Would you set down the data that follows, word for word, without any pictures?

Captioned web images
┌────────
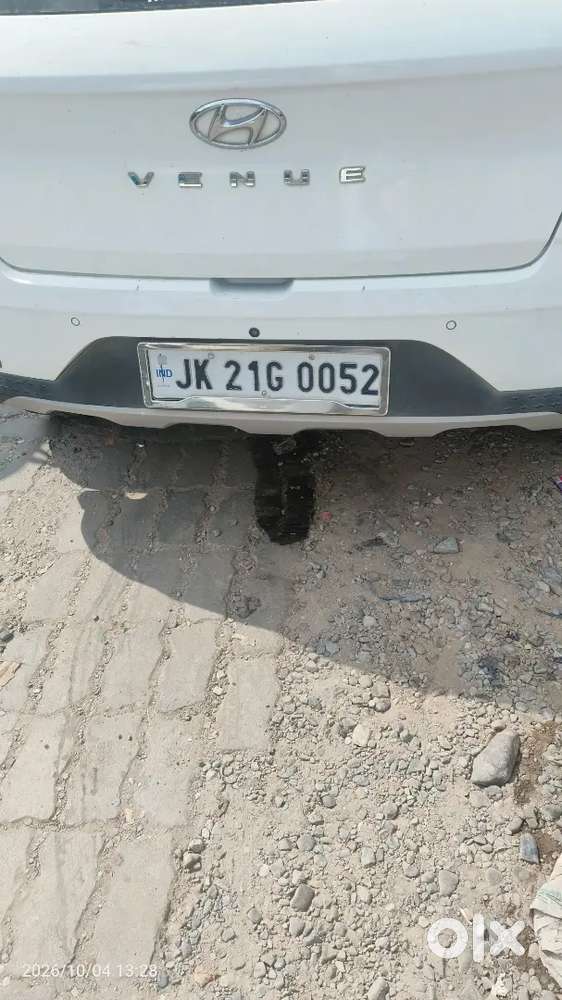 Hyundai Venue Petrol 2021 With Alloy Wheels 16 Inch Tyres, Led Screen
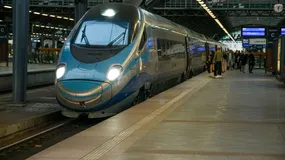Pociągi staną w nocy na godzinę. Tak kolej radzi sobie ze zmianą czasu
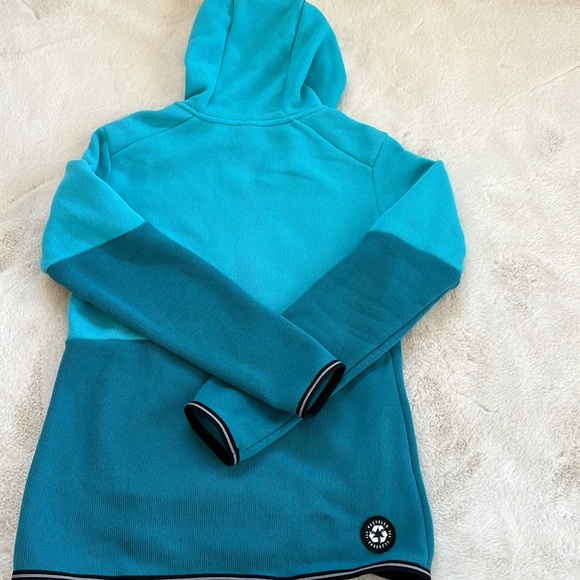 Picture zip up fleece hoodie. Size M - Picture 7 of 10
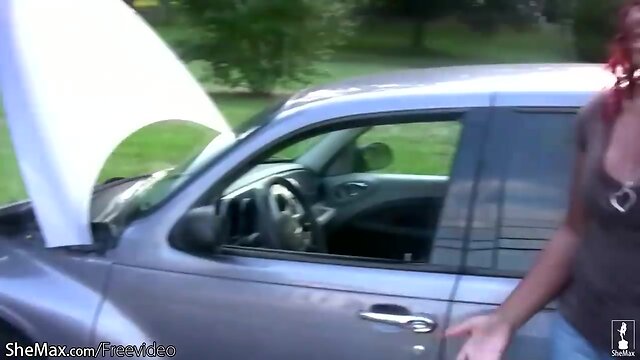 Redhead in the Great Outdoors: Solo Reality Cumshot Thrill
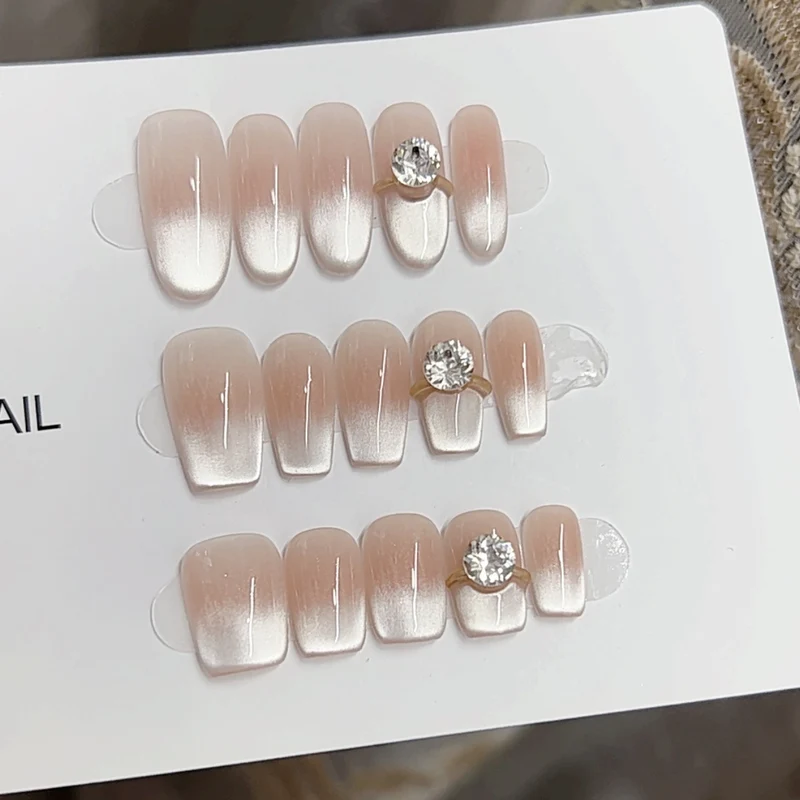 Press-On Nail Set Karnz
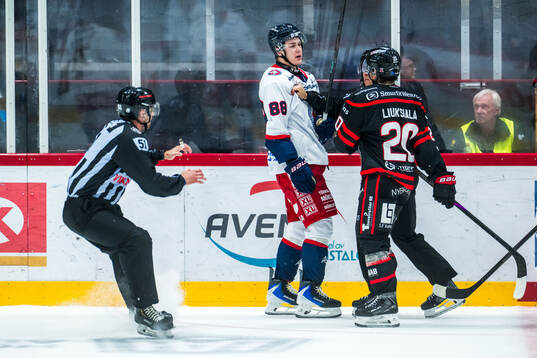 Oskarshamns Herman Träff och Nybros Juho Liuksiala bråkar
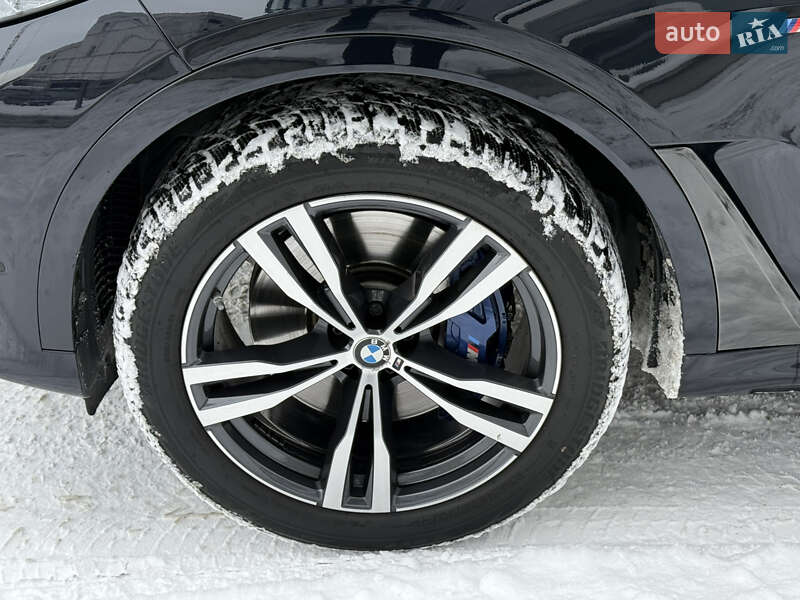 Внедорожник / Кроссовер BMW X7 2020 в Умани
└────────
Finished exercise
 Hyundai Venue Petrol 2021 With Alloy Wheels 16 Inch Tyres, Led Screen
Pociągi staną w nocy na godzinę. Tak kolej radzi sobie ze zmianą czasu
 Picture zip up fleece hoodie. Size M - Picture 7 of 10
 Redhead in the Great Outdoors: Solo Reality Cumshot Thrill
 Press-On Nail Set Karnz
 Oskarshamns Herman Träff och Nybros Juho Liuksiala bråkar
 Внедорожник / Кроссовер BMW X7 2020 в Умани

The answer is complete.